DATA FOR REVIEW Block Start

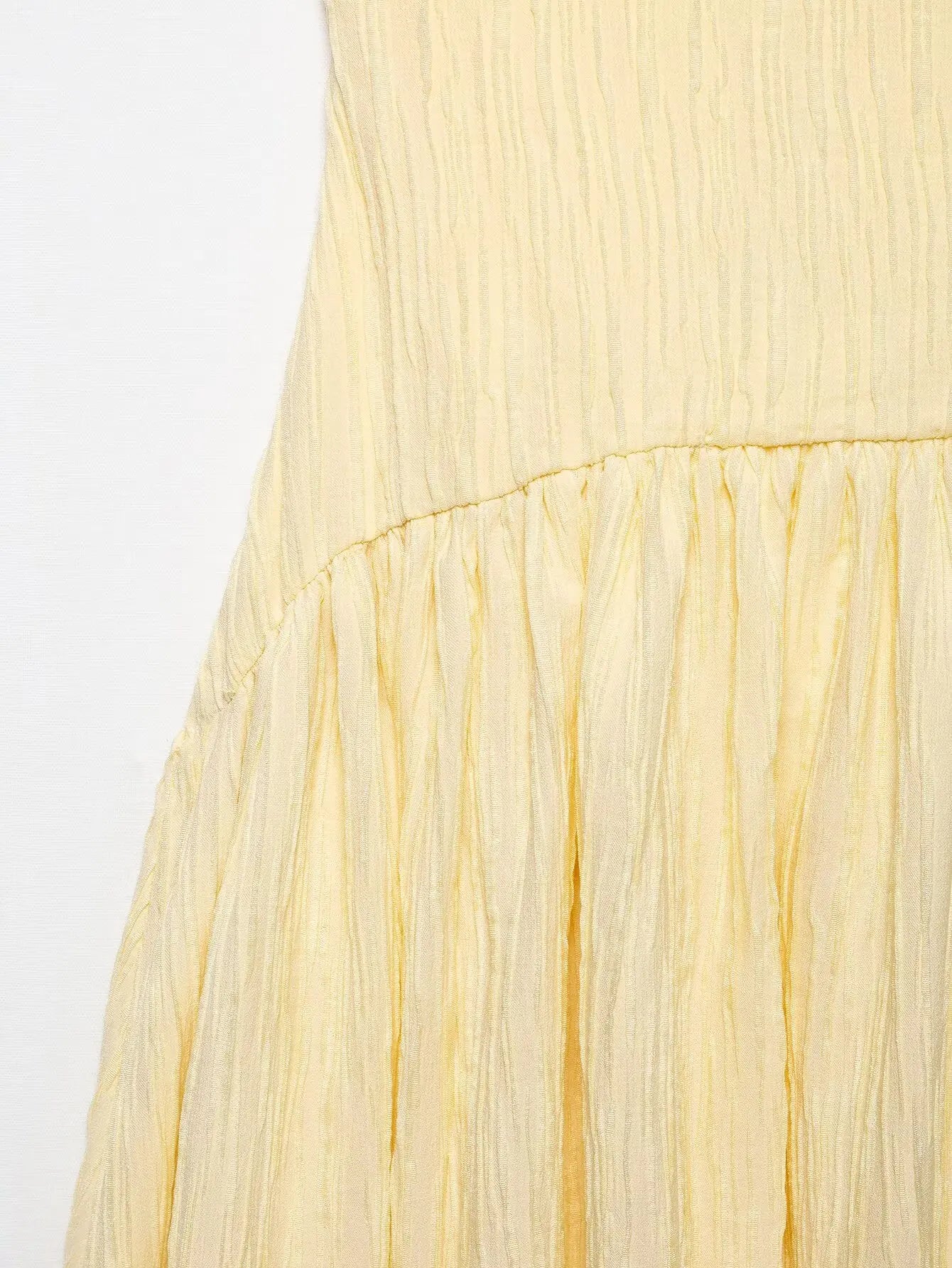 Textured Midi Dress For Women Square Neck Elegant Charm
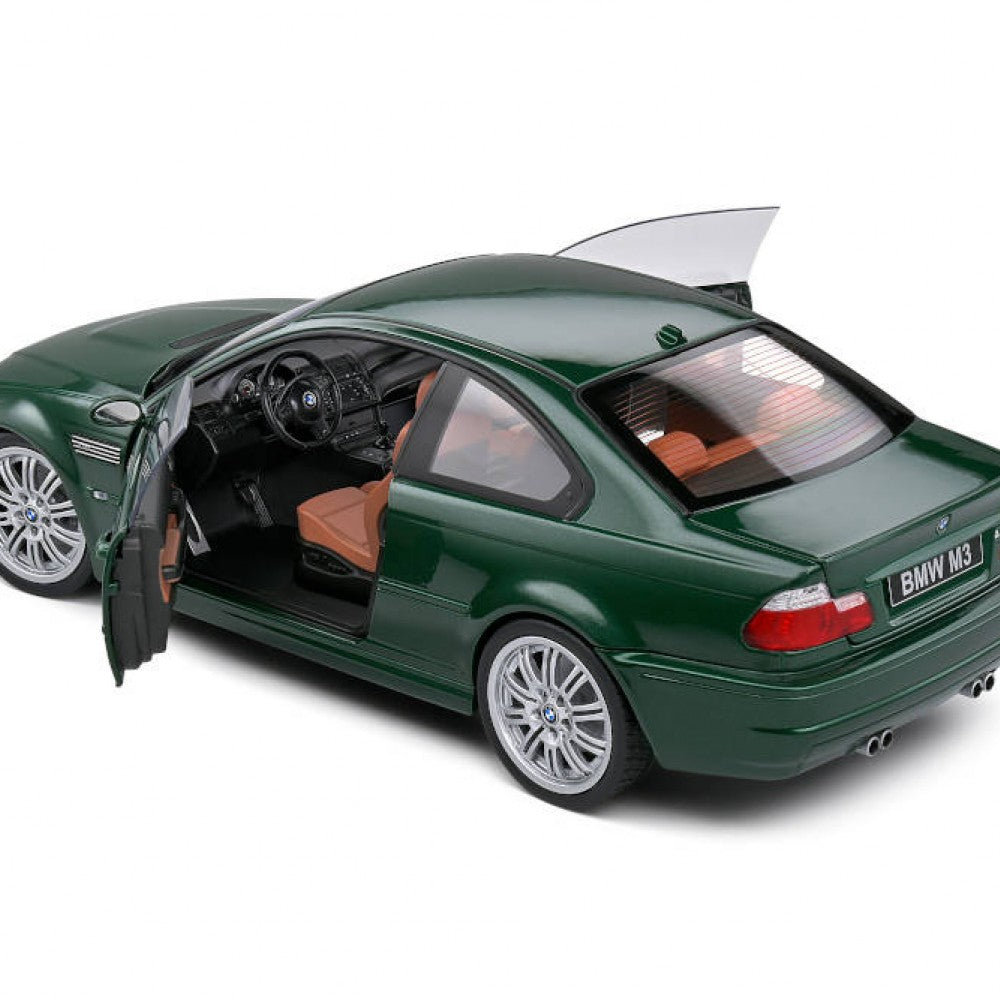 Macheta BMW M3 Coupe (E46) Oxford Green 2000 scara 1:18 Solido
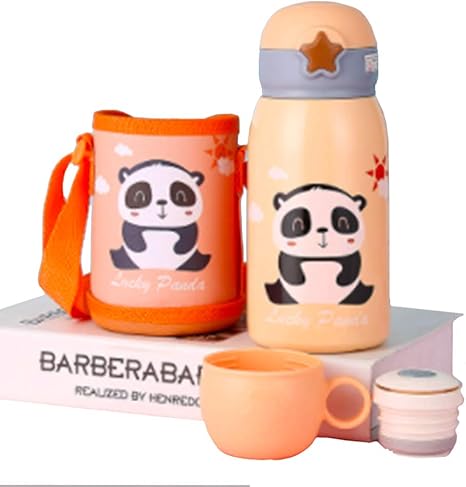 Amazon 水筒 ステンレス真空水筒 キッズ ボトル 真空断熱ス 子供用 大容量 直飲み 保温 手提げ可能 通園 通学 ベルト付き ストロー付き 可愛い イエロー 水筒 マグボトル オンライン通販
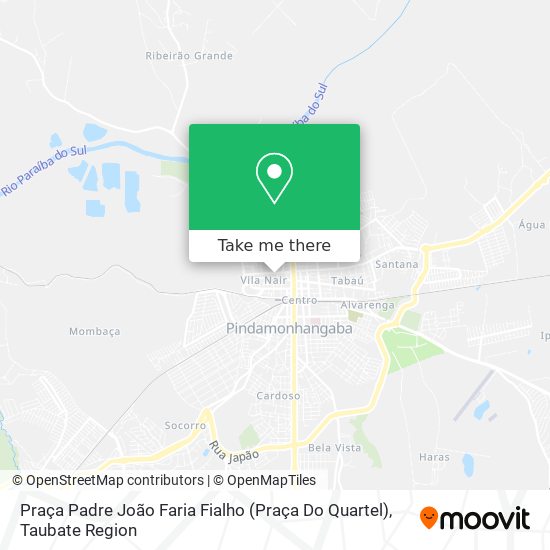 Praça Padre João Faria Fialho (Praça Do Quartel) map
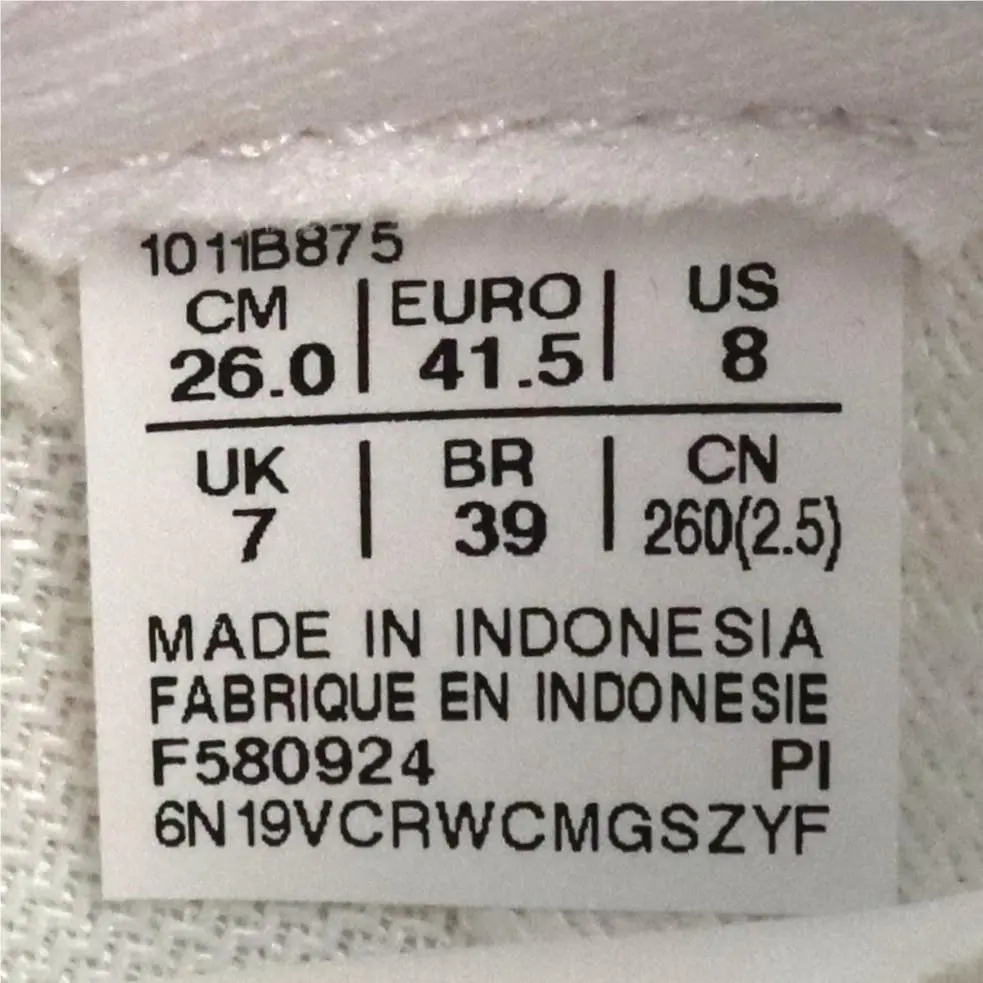 Asics shoes - 1011B875101 - 1011B875-101 - White/Black (UPC: 197298675932) 3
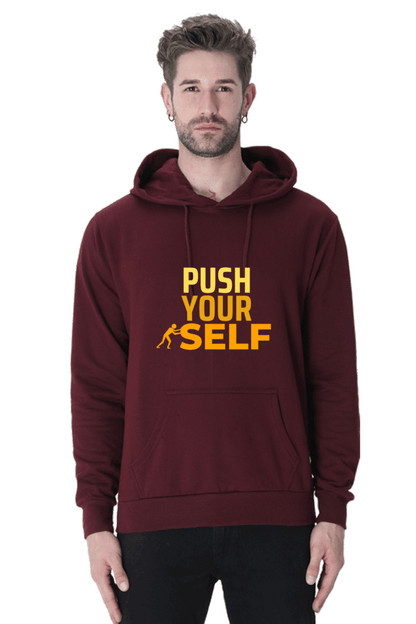 Push Yourself Unisex Hooded Sweatshirt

DATA FOR REVIEW Block End

Would you output the listing above verbatim, without its pictures?

> FINISHED TASK
 Textured Midi Dress For Women Square Neck Elegant Charm
 Macheta BMW M3 Coupe (E46) Oxford Green 2000 scara 1:18 Solido
 Amazon 水筒 ステンレス真空水筒 キッズ ボトル 真空断熱ス 子供用 大容量 直飲み 保温 手提げ可能 通園 通学 ベルト付き ストロー付き 可愛い イエロー 水筒 マグボトル オンライン通販
 Praça Padre João Faria Fialho (Praça Do Quartel) map
 Asics shoes - 1011B875101 - 1011B875-101 - White/Black (UPC: 197298675932) 3
 Push Yourself Unisex Hooded Sweatshirt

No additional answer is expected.